Thursday 30 June 2011

Business Rate Retention

Nick Clegg's speech on business rate retention suggested that the reforms will not hurt poor councils. This will be true in the short run - because the initial allocations can be made to replicate current funding - but it cannot possibly be true in the long run if retention is to provide incentives to local councils.

Local financing in Britain is incredibly complicated but my understanding of why incentives and level playing fields are incompatible runs roughly as follows. Business rate revenue is currently centralised and then redistributed. HMT will have built assumptions about this stream of revenue in to spending plans. As any growth in business rate revenue now goes to local councils, HMT will either need to cut elements of the central grant or make some items of central expenditure the responsibility of local councils (or both). As this happens, councils who have experienced slow growth in business rates (relative to the average) will be worse off. Countering this would require periodic readjustments to equalise expenditure across local authorities. But these re-adjustments remove the incentive effect. Only if the reform generates a large amount of additional growth in the country as a whole could top-slicing provide additional money to poorer councils while leaving strong(ish) incentives in place. Even those of us who are optimistic that there would be some impact on growth from providing good incentives would be careful about pushing the argument that far.
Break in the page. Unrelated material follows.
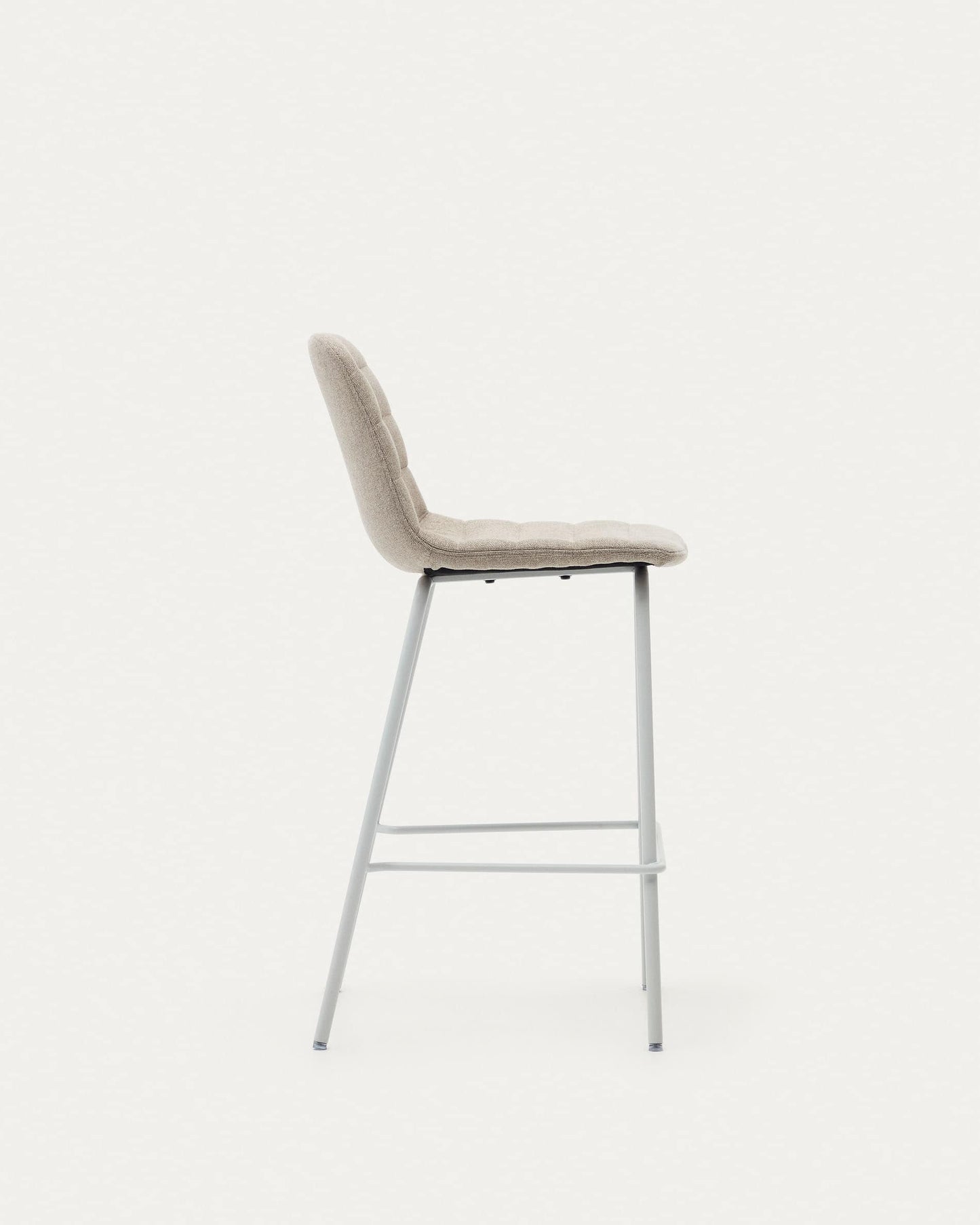 Sgabello Zunilda in ciniglia beige e acciaio con finiture bianco opaco altezza 65 cm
A final point - the current plans are about business retention rather than allowing flexibility in business rates. My research on the impact of business rates when they were set locally suggests the government may be right to be cautious in this area. By comparing employment over time in firms close to local authority borders with that in neighbouring local authorities we showed that business rates have a negative effect on employment growth by existing firms. We also document wide variations in business rates across neighbouring authorities. Perhaps today's local authority leaders would be more worried about the extent to which they could tax business, but the historical record suggests there are reasons to be careful when it comes to re-localising rates.